Predictably, the first protests emerged in Punjab triggering the resignation of Akali Dal leader Harsimrat Kaur Badal from the Union Cabinet. Soon an allusion, the scrapping of minimum support price, turned into a political declaration. As protests spilled out, Prime Minister Narendra Modi tweeted, “I assure my farmer brothers and sisters that the system of MSP and government procurement will remain.”
That didn’t detain the opposition from launching theories and protests. Rahul Gandhi alleged it was a corporate conspiracy. Mayawati dubbed the bills anti-farmer and pro-rich. Mamata Banerjee’s Trinamool Congress said the bills were draconian. Fact is the reforms have been on the national agenda since 1999 — and an aspiration of successive regimes. A model APMC and contract law was shared with states as early as in 2003. In 2007 under the Congress-led UPA, model rules were released and the Congress shifted vegetables and fruits out of APMCs in 2013. Indeed, the 2019 Congress Manifesto expressly states, “Congress will repeal the Agricultural Produce Market Committees Act and make trade in agricultural produce—including exports and inter-state trade—free from all restrictions.”
Typically in politics where a party stands on issues depends on where it sits. Objective analysis demands allegiance to facts. Have APMCs served the farmers’ cause? In January 2019, the parliamentary standing committee on agriculture — including MPs from Congress and Akali Dal — observed APMCs have “become hotbed of politics, corruption and monopoly of traders and middleman” and “are not working in interest of farmers”.
Consider the logistics. India’s agri-sector spread across lakhs of villages is served by just 2,477 APMCs and 4,843 sub-markets. As for government procurement, only a third of the wheat and rice output is bought by government — bulk of the wheat from five states and rice from seven states — and the rest is bought by private yards. In fact, 22 states already allow direct procurement by private parties — and there are no APMCs in Bihar, Kerala, and Sikkim. Frequently, the MSP functions as the cap not the floor for farmer remuneration with farmers selling for less than MSP.
Fear though has neither a bottom nor a cap. Sukhbir Singh Badal’s deftly deployed it in his tweet using hashtags: “Small farmers fear that these #Ordinances will be like the #Jio initiative. They think this Act will create monopoly of multinational companies, which will exploit them.”Arguably, there are flaws in the legislation — on definitions of trader, traded area, dispute resolution and most importantly sustenance of credible choice for farmers to sell their produce to.
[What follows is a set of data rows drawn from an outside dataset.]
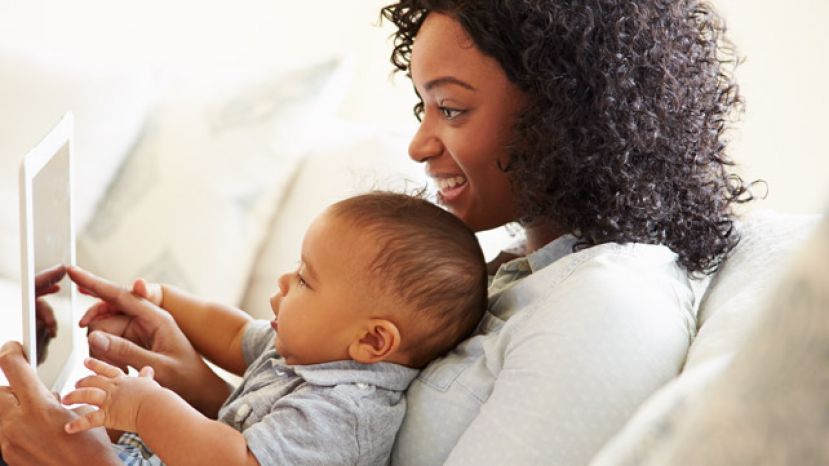 Toddler and mom playing with a mobile device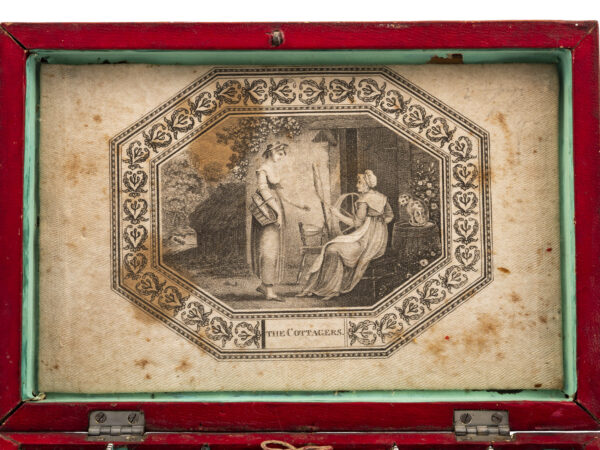 antique red leather sewing box print close up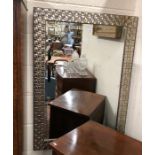 A contemporary wall mirror in woven effect silvered frame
Credibility of intent calls for addressing fears — India’s regulatory landscape is notoriously lazy in curbing monopolies and big players could unleash predatory practices. That though doesn’t mean the crop must be destroyed with the weeds.
India is one of the largest producers of food grains, fruits, vegetables, milk and animal produce. Studies show over Rs 92,000 crore worth of produce is wasted — NSSO 70th round shows 34 per cent of fruits and 44 per cent of vegetables perish between farm gate and market gate. Barely 10 per cent of total food produced in India is converted into value added products. Fragmented holdings deter economies of scale and thus better yields. Transformation needs structural reforms for empowerment. A product manufacturer can enter into a contract with a buyer, seek an advance, source credit using the order, access know-how, insurer output and sell his produce anywhere. The farmer deserves the same freedom — and liberation from political licence raj.